* RECORDED INFORMATION:
^^^^^^^^^^^^^^^^

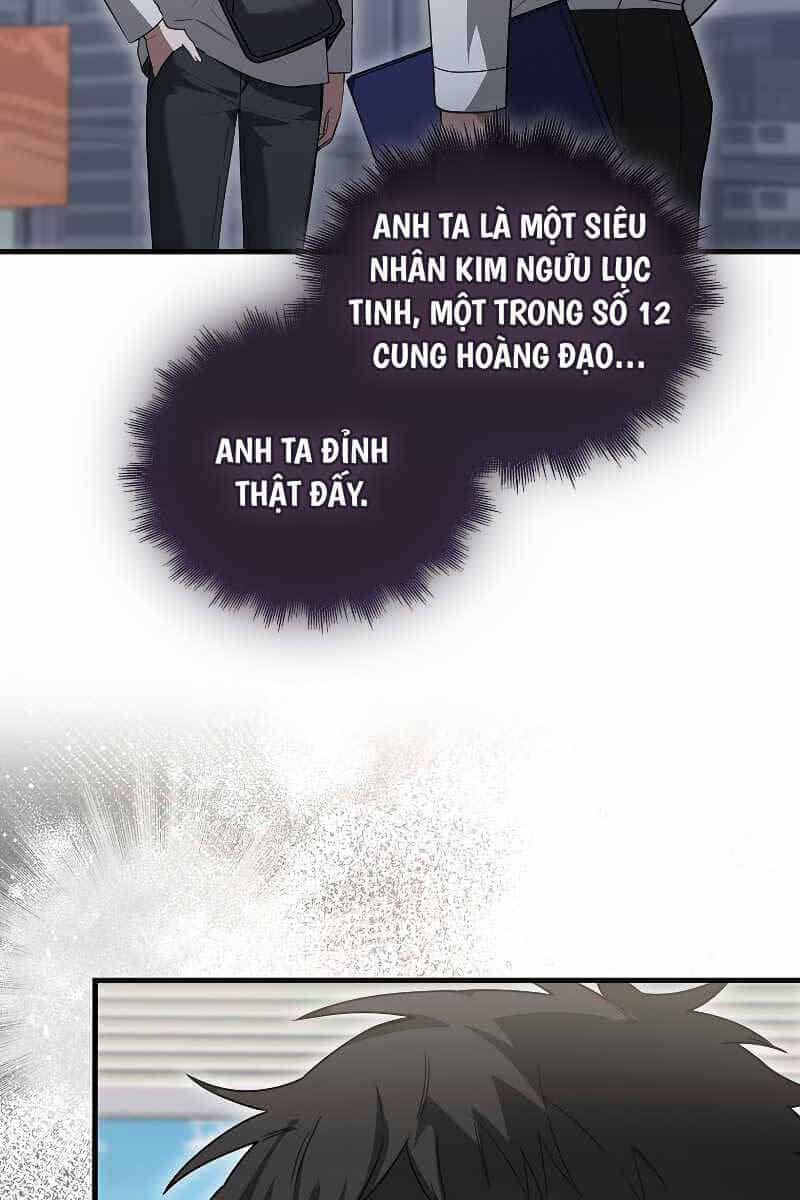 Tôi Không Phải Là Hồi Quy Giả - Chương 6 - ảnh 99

^^^^^^^^^^^^^^^^

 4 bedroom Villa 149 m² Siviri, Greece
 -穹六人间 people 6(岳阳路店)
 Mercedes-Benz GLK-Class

^^^^^^^^^^^^^^^^

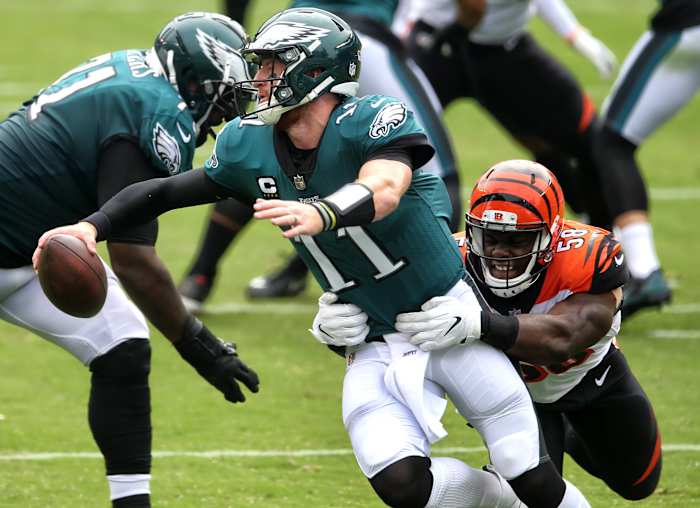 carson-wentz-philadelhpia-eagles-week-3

^^^^^^^^^^^^^^^^

* EXERCISE AIM: Using the material above, transcribe exactly the lines from the line with "4 bedroom Villa 149 m² Siviri, Greece" to the line with "Mercedes-Benz GLK-Class"; both count, and nothing else goes in.

* SOLUTION FOR THIS TASK:
 4 bedroom Villa 149 m² Siviri, Greece
 -穹六人间 people 6(岳阳路店)
 Mercedes-Benz GLK-Class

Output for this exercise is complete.